Market Of One: From 'One For All' To 'All For One'
The Mahindra Group is an Indian multinational conglomerate holding company headquartered in Mumbai. The organization operates in over 100 countries around the globe.
The stage was set. The Fortune 500 ‘whales’ were present along with some of the most distinguished data scientist across the world. On a panel discussion with top data scientists, the question being discussed was, "Who is the best data scientist as of today?”. All the luminaries on the panel unanimously overlooked some of the data-science starlets like Andrew NG, Charles Givre or Dean Abbott and decided to label Jeff Bezos, CEO of Amazon as the Best Data Scientist. Within a year of this discussion, Amazon became the highest valued company in the world. An ideal example of the direct impact that AI can have on the way a business is valued.
Over the past couple of years, there have been a substantial number of data-points generated to indicate that companies that leverage AI to the fullest enable themselves to reap abnormal profits, making them the favourites on Wall Street. Unlike Henry Ford, who dictated a single Model-T car design and which was intended to be sold in a one size fits for all approach, the AI powered enterprises of today attempt to cater to the ‘market of one’ resulting in their product to be personalized to the hilt.
Seeing the direct correlation between the adoption of AI and evaluation of a company, the question to be answered is: how do I transform my business into an AI driven business? While it is easy for internet businesses to leverage AI, the challenge lies in how can non-internet businesses also achieve the same magic. The answer exists in the practical use of data-science and artificial narrow intelligence (ANI).
Real-time data, provided by various systems and sensors, topped with data-science allows one to not only predict problematic scenarios, but also prescribe the optimum solution, especially in B2B enterprise businesses where direct consumer data
is scarce or non-existent. Data-science can help in Describing the problem or situation, Diagnosing what is the root cause, Predicting what are the possible outcomes and finally Prescribing a solution, essentially helping any business and any function answer the critical questions: Who, What, When and Why.

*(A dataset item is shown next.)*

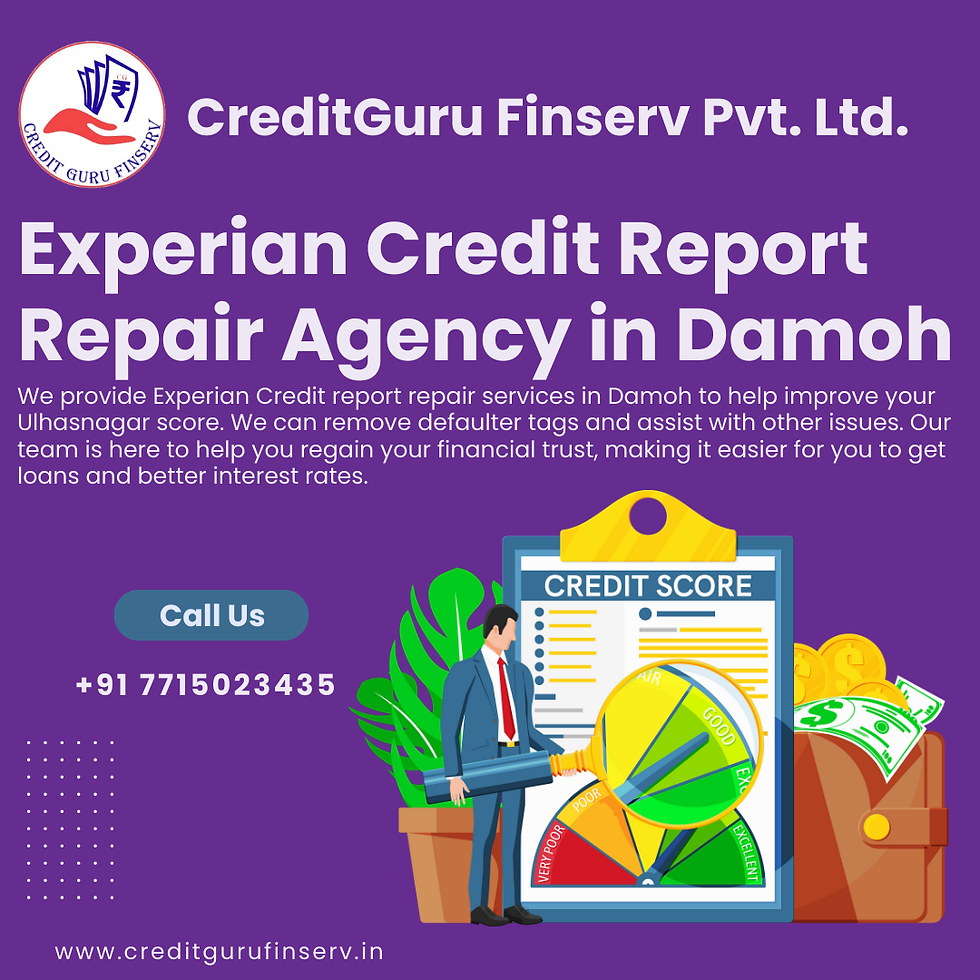 Experian Credit Report Repair Agency in Damoh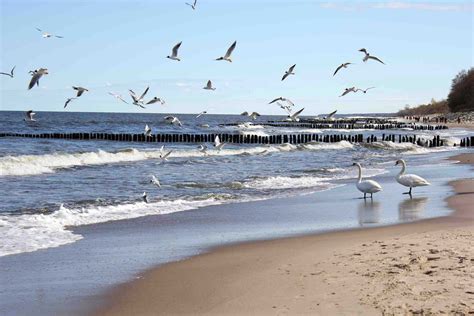 Baltic Sea, Poland | Poland, Baltic sea, Travel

Business in traditional industries like financial services, manufacturing and retail have seen the value of data-science in combatting disruption and have begun using these 4 pillars of data-science to protect themselves from external forces. Let us understand this with 4 real world examples:
With the recent introduction of digital tools, the financial sector has involved into a hyper-competitive space. With the introduction of e-KYC and apps, customers are finding it increasingly easy to switch from one financier to another. However, HDFC Bank is a great example of a traditional financial house that utilizes Descriptive analytics to defend itself from this ‘hyper-competitiveness’. By using a product called CIBIL Watch, HDFC Bank are not only able to monitor and Describe their customers financial status but also know when the customer is enquiring for a new loan at any other financier. By having this horoscope-like view of any customer, HDFC are able to intervene, providing quality and timely service preventing the customer from moving to a competitor.

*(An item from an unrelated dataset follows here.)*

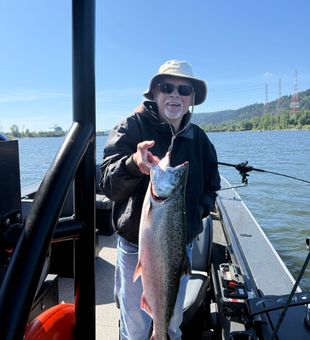 Beautiful Coho salmon from Milwaukie waters!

Even large scale manufacturers have learned the benefits data-science can bring in Diagnosing issues in the production line. Several global auto and electronics manufacturers have begun using computer-vision and IoT at their factories. With the support of data-science organizations such as Drishti, manufacturers are now able to monitor their entire production facilities. Using cameras and multiple deep-learning algorithms, Drishti helps identify any human errors, choke-points in the process or defective parts or products immediately, resulting in quality & control, increased customer satisfaction, swifter and earlier intervention and an increased competitive advantage.
It is not only traditional business that can use data-science to grow and improve. Governments and Defense organizations can use artificial intelligence and data to defend themselves from International threats. Through the help of data-science, in 2011 the US Government was able to find and kill the infamous terrorist, Osama Bin Laden. By monitoring various individuals’ financial data, the government was not only able to identify Osama’s treasurer, but also track and Predict Osama’s exact location to be able to execute the final strike.

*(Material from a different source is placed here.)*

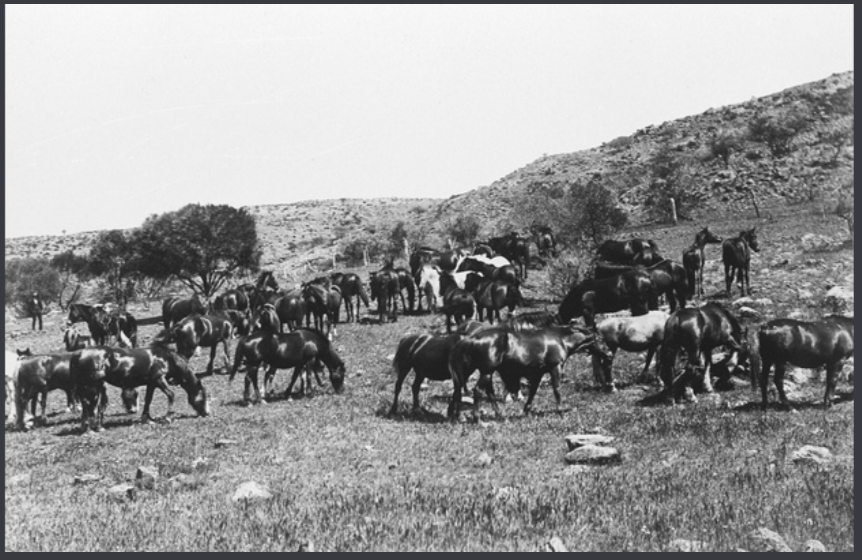 'Mob of horses at Yardea. C. 1902.' State Library S.A.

For a business to extract the maximum value of data-science, it has to have the ability to interpret its Description, Diagnosis and Prediction of a certain problem into an actionable solution. Apple is a world class example of combining the 4 pillars data-science to provide its customers with exemplary service. There have been multiple reports of the Apple Watch having saved its customers lives by Detecting or Describing a variation in heartbeat, Diagnosing the issue, Predicting that it could cause a severe health issue, and finally Prescribing a solution to either call for an ambulance or notify the user to visit a hospital. In February 2019, Apple’s stock price increased by USD 5 in one day after an Apple Watch detected a man collapsing and immediately notified an ambulance, saving his life. In this example, Apple helped their customers become anti-fragile, which in-turn helped them increase their own value and help strengthen their customer relationship. Apple managed to personalize and cater their product to their customer, giving them a significant advantage over their competitors, achieving the concept of ‘market of one’.
HDFC Bank, Manufacturers using IoT, US Defense and Apple are all winning organizations that have all raised their value by leveraging AI and Data-Science. They have used Data-Science to Describe, Diagnose, Predict and Prescribe a solution, helping them achieve ‘market of one’.